_EXERCISE DESCRIPTION_. An exact restatement of the data below, with the pictures removed, is the required answer.

_GIVEN DATA_.
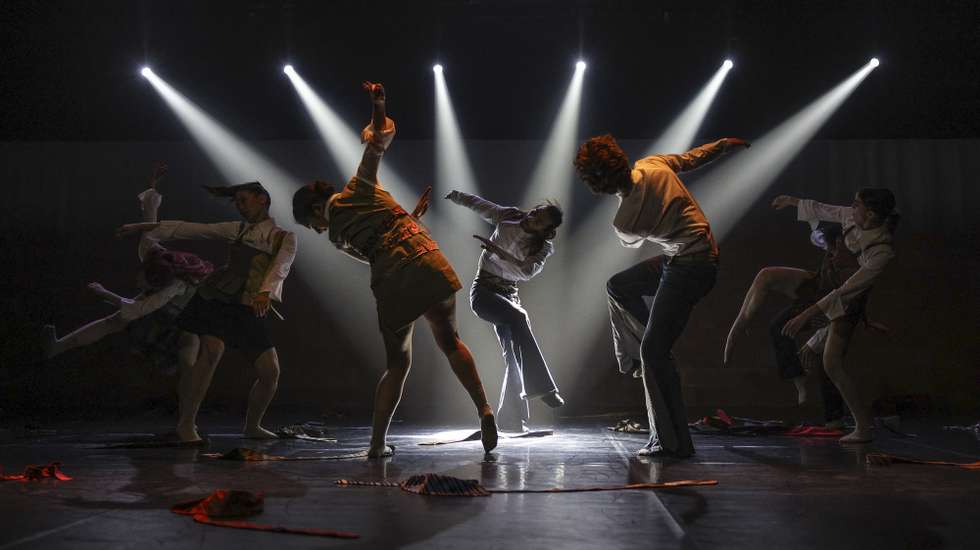 Ensaio de imprensa do espetáculo de dança "VOZ" do coreografo Daniel Cardoso, espetáculo apresentado pela companhia Quorum Ballet, com estreia marcada para o dia 15 de março no Cineteatro D. João V na Amadora, 13 de março de 2024.  MIGUEL A. LOPES/LUSA
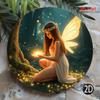 Enchanted Forest Elf Round Metal Sign Vibrant NatureInspired Art with Glowing Fairy Twirling Stars Perfect for Room Decor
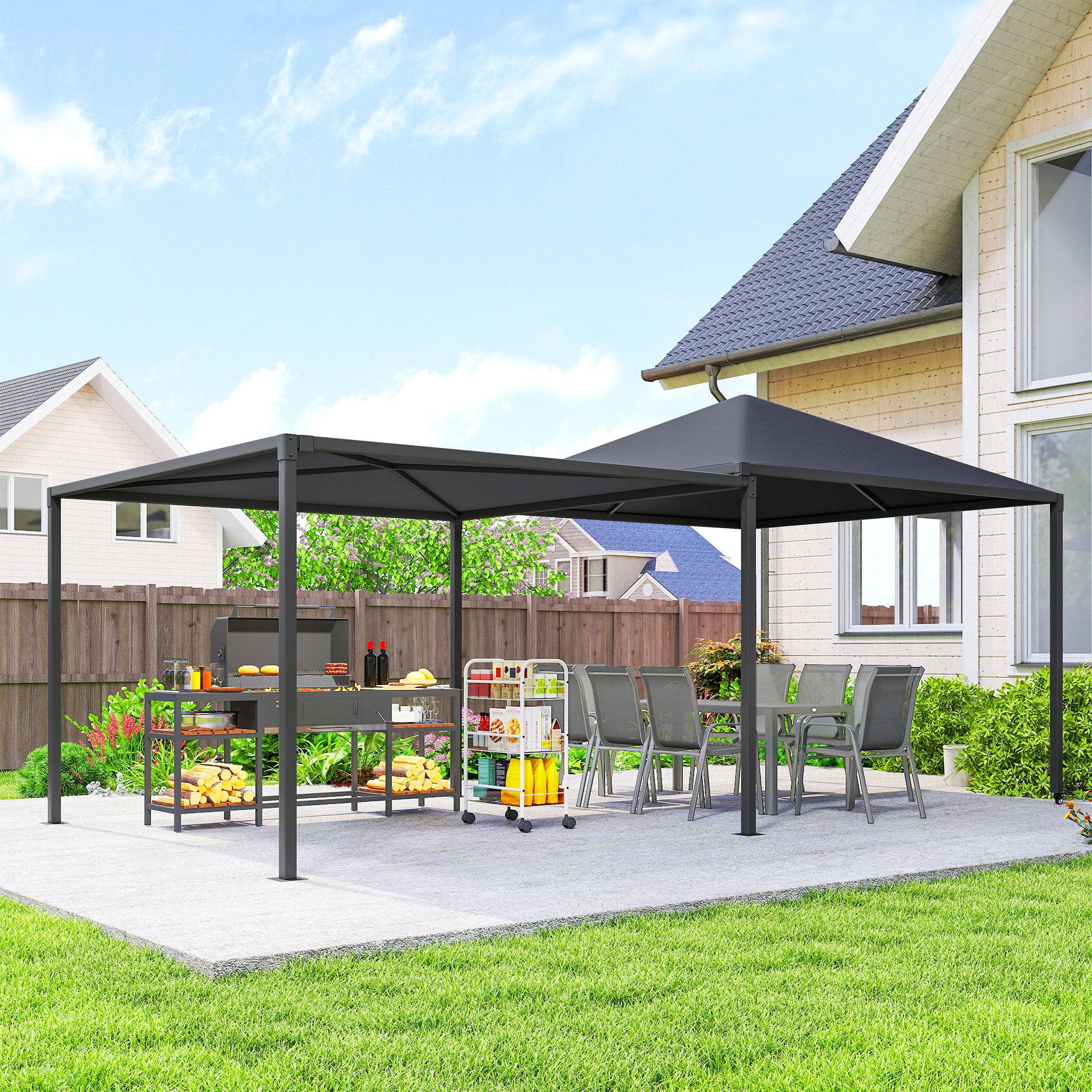Outsunny 3 x 6m Garden Gazebo with Extendable Awning and Wheels, UPF30+ Metal Gazebo Canopy Shelter for BBQ, Dark Grey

_ANSWER SECTION_.
 Ensaio de imprensa do espetáculo de dança "VOZ" do coreografo Daniel Cardoso, espetáculo apresentado pela companhia Quorum Ballet, com estreia marcada para o dia 15 de março no Cineteatro D. João V na Amadora, 13 de março de 2024.  MIGUEL A. LOPES/LUSA
 Enchanted Forest Elf Round Metal Sign Vibrant NatureInspired Art with Glowing Fairy Twirling Stars Perfect for Room Decor
Outsunny 3 x 6m Garden Gazebo with Extendable Awning and Wheels, UPF30+ Metal Gazebo Canopy Shelter for BBQ, Dark Grey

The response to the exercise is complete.